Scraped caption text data
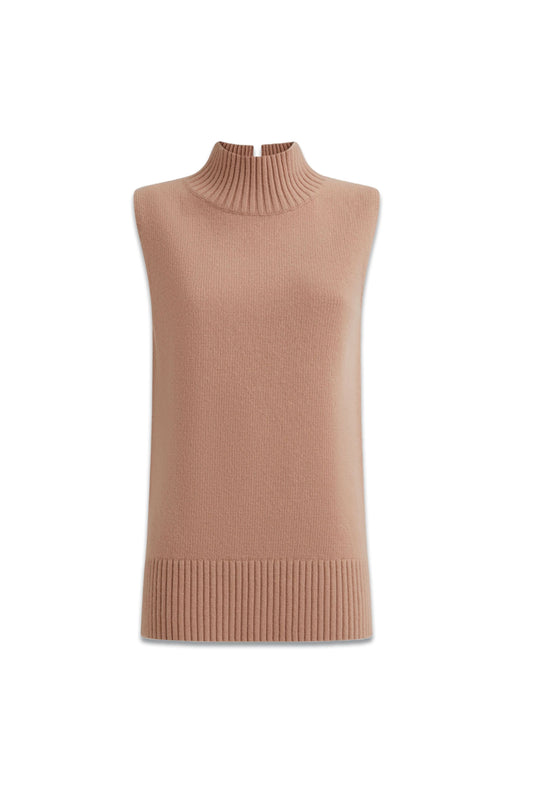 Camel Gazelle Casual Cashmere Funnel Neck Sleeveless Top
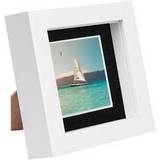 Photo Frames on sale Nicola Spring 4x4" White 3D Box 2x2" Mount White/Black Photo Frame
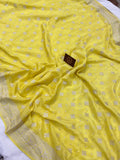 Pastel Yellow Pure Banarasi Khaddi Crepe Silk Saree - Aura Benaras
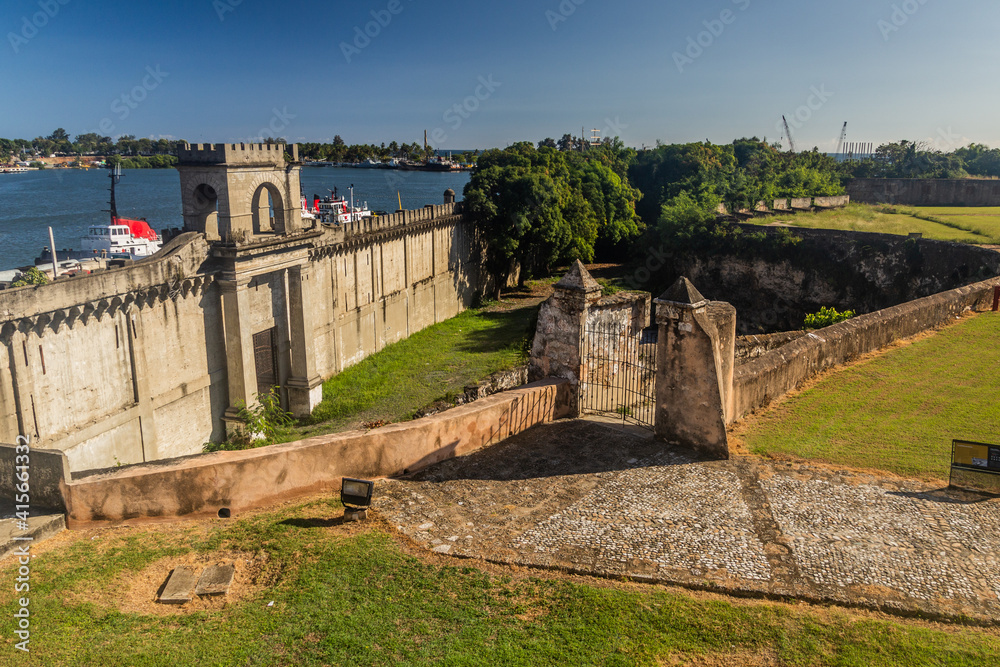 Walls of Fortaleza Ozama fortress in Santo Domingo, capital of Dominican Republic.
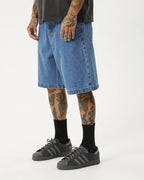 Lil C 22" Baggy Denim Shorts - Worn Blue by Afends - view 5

▶ YOUR TASK
Quote each record exactly as it stands, minus the pictures.

▶ SOLVED EXERCISE
 Camel Gazelle Casual Cashmere Funnel Neck Sleeveless Top
 Photo Frames on sale Nicola Spring 4x4" White 3D Box 2x2" Mount White/Black Photo Frame
 Pastel Yellow Pure Banarasi Khaddi Crepe Silk Saree - Aura Benaras
 Walls of Fortaleza Ozama fortress in Santo Domingo, capital of Dominican Republic.
 Lil C 22" Baggy Denim Shorts - Worn Blue by Afends - view 5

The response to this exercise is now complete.